Ну, наконец-то хоть чуть-чуть похоже на отца! Внешнее сходство, которое сразу бросалось в глаза, потом только оттеняло контраст характеров. Насколько Медведев заполнял собой пространство, настолько его дочь умела быть незаметной, и любому другому его качеству тут же находилось противоположное: говорливости – молчаливость, фамильярности – тактичность, артистизму – естественность. Но поначалу Варя только удивлялась, до чего же дети Павлика похожи на него, особенно младший – точная копия, а еще тому, где же в них хоть что-нибудь от Поляковой. Она всегда была незаметной, но должна ведь была отразиться как-нибудь!

Полякова была в их классе серой мышкой. В науках она не блистала, от общественной жизни отползала по возможности, красота ее тоже так и не расцвела. Потому все так и сели, когда в девятом классе она стала ходить с Павликом. Она и с Павликом! Да никто бы не удивился, если бы с ней вообще никто не согласился ходить! Конечно, она смотрит ему в рот, а Медведеву всегда нужна благодарная публика, но разве у него когда-нибудь был в ней недостаток? Потрясенная Варя пыталась обсудить это событие с Леной, но та только плечами пожимала: настоящая любовь, обыкновенное чудо. Да что он в ней находит, в этой бледной моли? – спорила Варя. А Лена улыбалась немного покровительственно – все-таки она была постарше и говорила совсем уж ерунду – что в Поляковой есть какая-то особенная чуткость и легкость. Легкое дыхание, как у Бунина. Они так подходят друг другу, разве не видишь? Варя не видела и была уверена, что чудо скоро закончится.

Но Медведев и Полякова ходили за ручку, в школу и из школы вместе, и она ему все не надоедала. Тогда и все остальные тоже решили, что это настоящая любовь. Кроме педагогов. Когда романтика продолжилась и в десятом классе, они забили тревогу. Собственно, волновалась только классная руководительница Рахиль Исаковна, но она сумела взбаламутить всех и отравить жизнь влюбленным. Варя помнила бесконечные собрания, комсомольские и классные, где разбирали поведение влюбленных и бичевали их, угрозы исключить из школы и написать какие-то такие ужасные характеристики, с которыми ни в одно ПТУ не возьмут. Для Вари это было увлекательное зрелище – борьба отцов и детей, весь класс разделился на защитников Ромео и Джульетты и тех, кто боялся за собственную характеристику, а из учителей на «детской» стороне был только один историк Иван Платонович.

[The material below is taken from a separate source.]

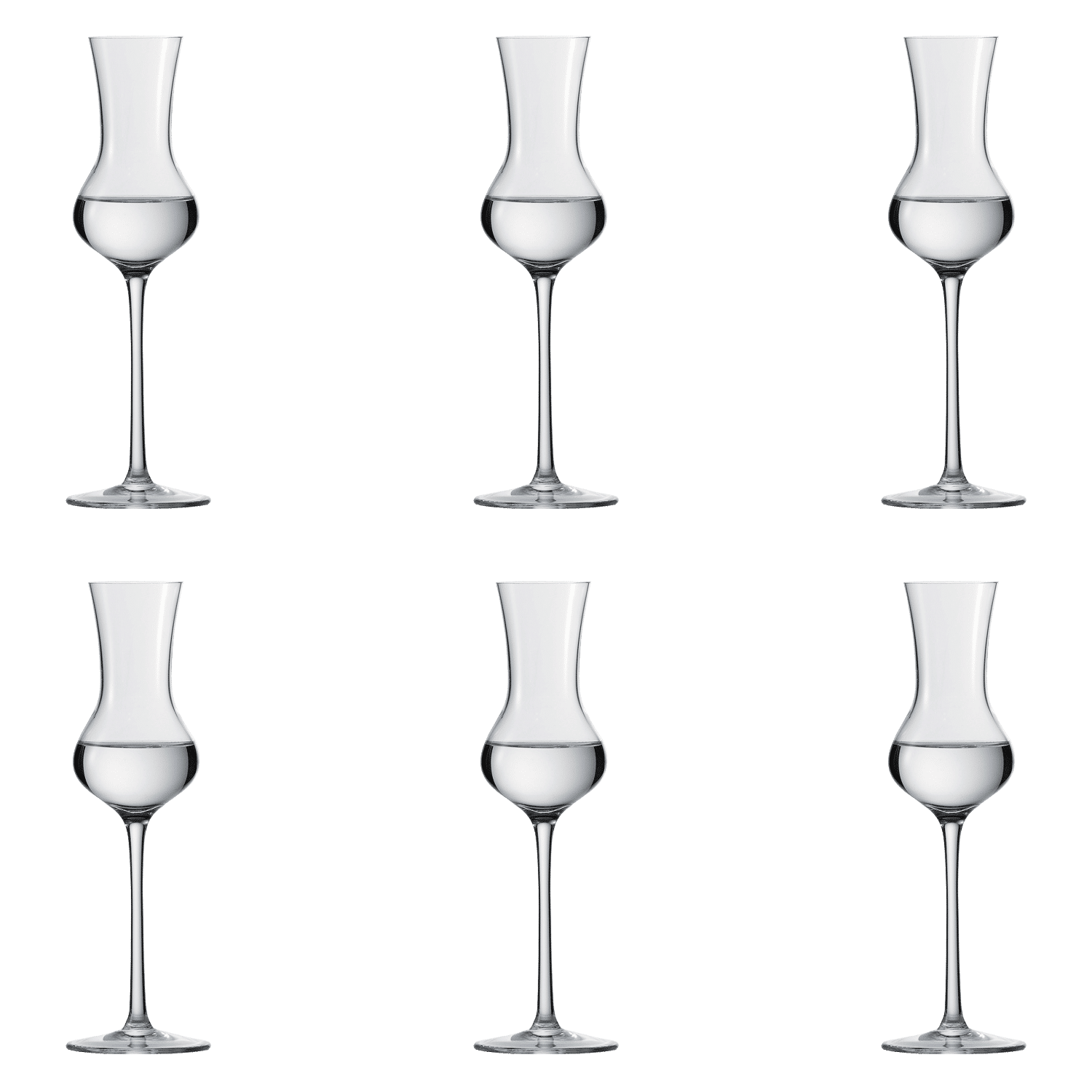 Zwiesel Glas Vinody Cocktailglas 10,1 cl (Set van 6)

Но каково же было Поляковой, только сейчас подумала Варя. Она вспомнила, как Рахиль орала про коляску, которую та якобы покатит, когда все пойдут на выпускной бал, и поежилась, представив, что это на нее так орут. Но Полякова сидела молча, как всегда, – она никогда не оправдывалась, она вообще ничего не говорила, – а потом шла с Павликом за руку домой.

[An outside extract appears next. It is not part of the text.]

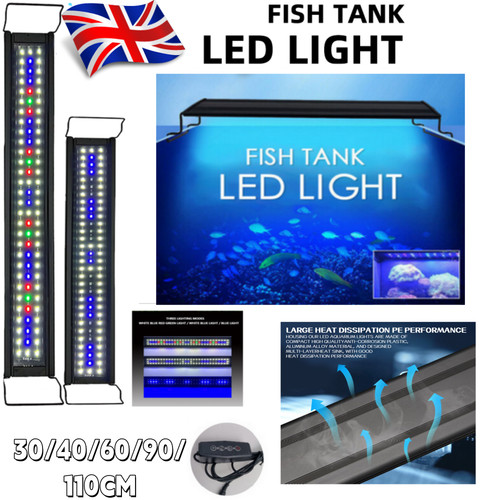 Aquarium light lighting full - light,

Самое удивительное, что вытравить любовь не удалось. Опасности, подстерегавшие несовершеннолетних на этом гибельном пути, почему-то так их и не настигли. Самое интересное, собственно, и заключалось в их героической школьной борьбе. А потом Медведев и Полякова уехали в Москву, куда-то поступили, поженились, и больше ничего интересного для публики в обыкновенной студенческой семье уже не было. Кажется, родители их поддерживали и снимали квартиру. Периодически до Белогорска доходили слухи о том, что у них родилась девочка, что Павлик стал хорошо зарабатывать, и о том, что Полякова хочет второго ребенка, а ей, кажется, нельзя. Потом она все-таки родила, но умерла в родах, а Павлик с детьми вернулся в Белогорск.

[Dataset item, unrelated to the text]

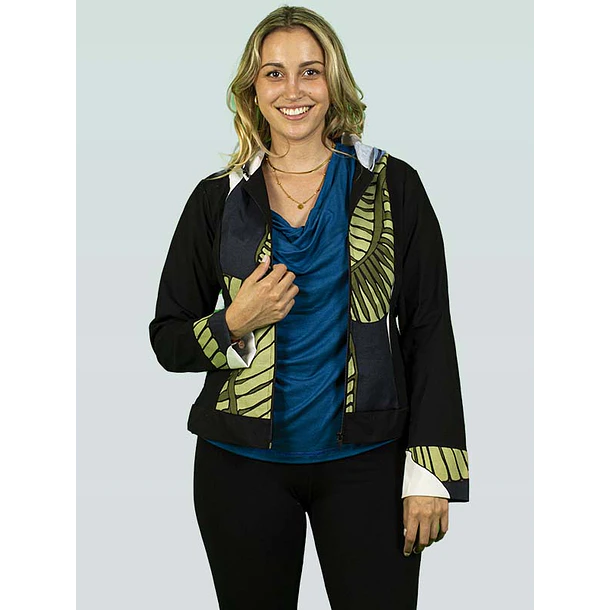 Chaqueta Gabardina Emilia 100% algodón SALE y  3 x 2 5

Конечно, хорошо, что дети получились яркие, подумала Варя. Но все-таки что же в них от Поляковой? Она десять лет видела ее изо дня в день, сидя за соседней партой, – неужели не разглядит хоть какой-нибудь черточки? Но не было ничего. Незаметная Полякова просто растворилась. Как такое может быть? За нее было даже как-то обидно. Хотя сама она, пожалуй, вряд ли обиделась бы – а только радовалась, что они так похожи на ее драгоценного Павлика…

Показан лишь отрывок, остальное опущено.